Regarding the unpaid invoices on pages 3 and 4 for K384,000.00, PW1 testified that these were for rapid response in Lusaka. The Defendant did not deny these claims, accordingly it must pay. Thus the claim for K28,492,000.00 is successful.
The claim for damages for breach of contract was not substantiated at trial. There was no evidence adduced to prove this claim. It is therefore unsuccessful.
Regarding the counter claim, it is noteworthy that PW2 testified that when claims of losses are received, the Plaintiff informs the police and a docket is opened. Once it is proved that the Plaintiff was negligent then it will pay in accordance with the contract which limits its liability to 1,000 United States Dollars.
PW1 did testify in cross examination that the letter from the police at page 1 of the Defendant’s Bundle reveals that the suspects that stole the meat casings valued at K30 Million were in police custody and that the Plaintiff’s guard who was on duty was on the run.
In relation to the cables, PW1 testified in cross examination that the Police Report on page 2 of the Defendant’s Bundle shows that the guard left the point of guarding and cables worth K137,851.065.00 went missing
I have perused both letters from the police. The question that begs an answer is: Were the guards negligent? Can I infer that the guard on the run was negligent including the one who left the point of guarding? I tend to think so.
I note that that the security guard who left his point of guarding after being questioned about the power cut, left on the pretext of going to collect a charger. He never returned. The other one is still on the run. On the balance of probability, I find that the two guards were negligent or misconducted themselves for which the Plaintiff is liable.

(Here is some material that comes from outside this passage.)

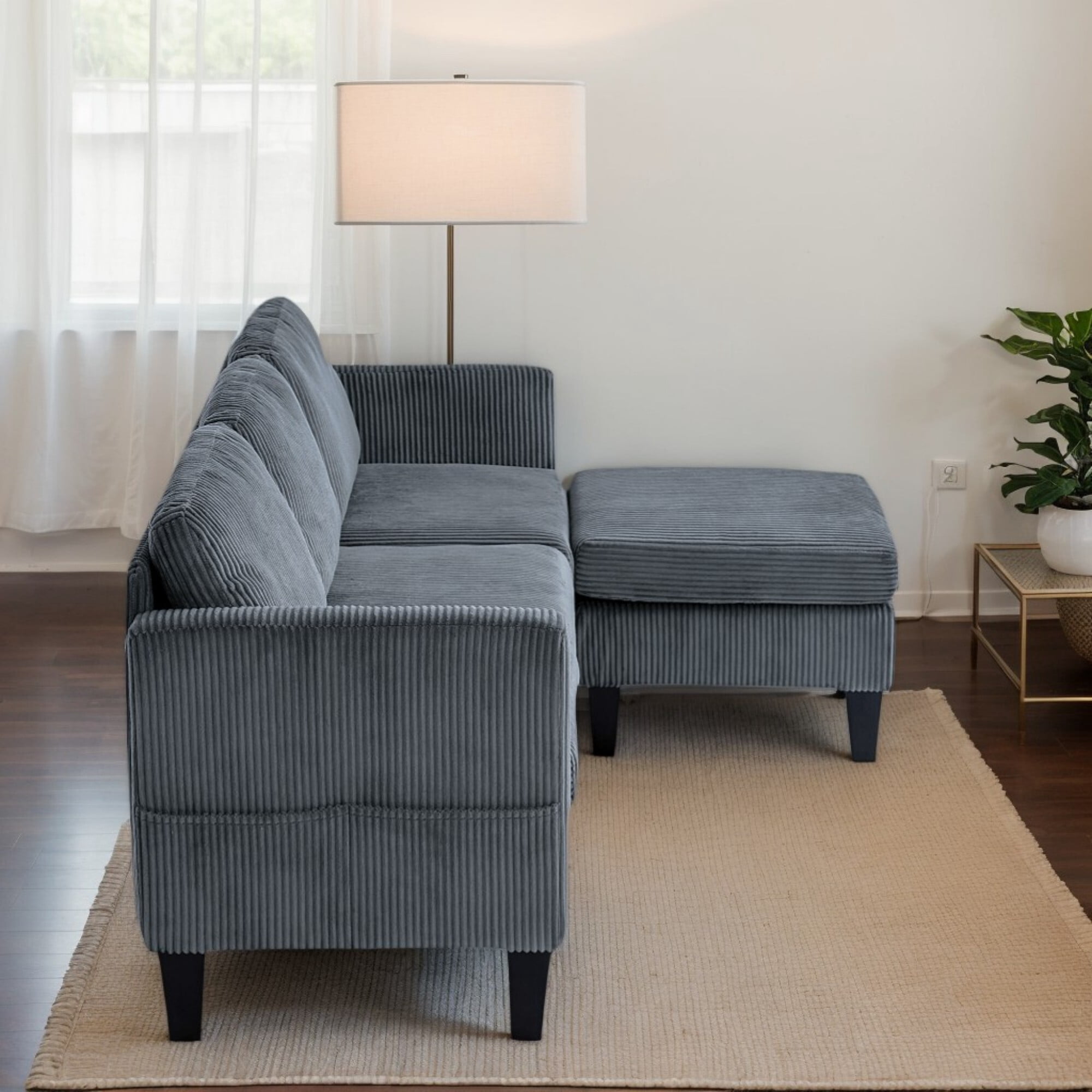 AENKYO 67" L-Shaped Corduroy Sectional Sofa with Storage Ottoman, Modern 3-Seat Couch w/ Side Pockets, Gray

I am therefore inclined to allow the counter claim. The Plaintiff is thus liable in accordance with the contract ie to pay 1,000 United States Dollars.
In sum, the Plaintiff is successful in its claim for K28,492,000.00 for monies deducted by the Defendant and for unpaid invoices. I order the same to be paid with interest at short term deposit rate from date of issuance of the writ till date of Judgment and thereafter at Bank of Zambia lending rate till full payment.
The counter claim is equally is successful and the Plaintiff is liable in accordance with the contract.
Each party to bear own costs. Leave to appeal is granted.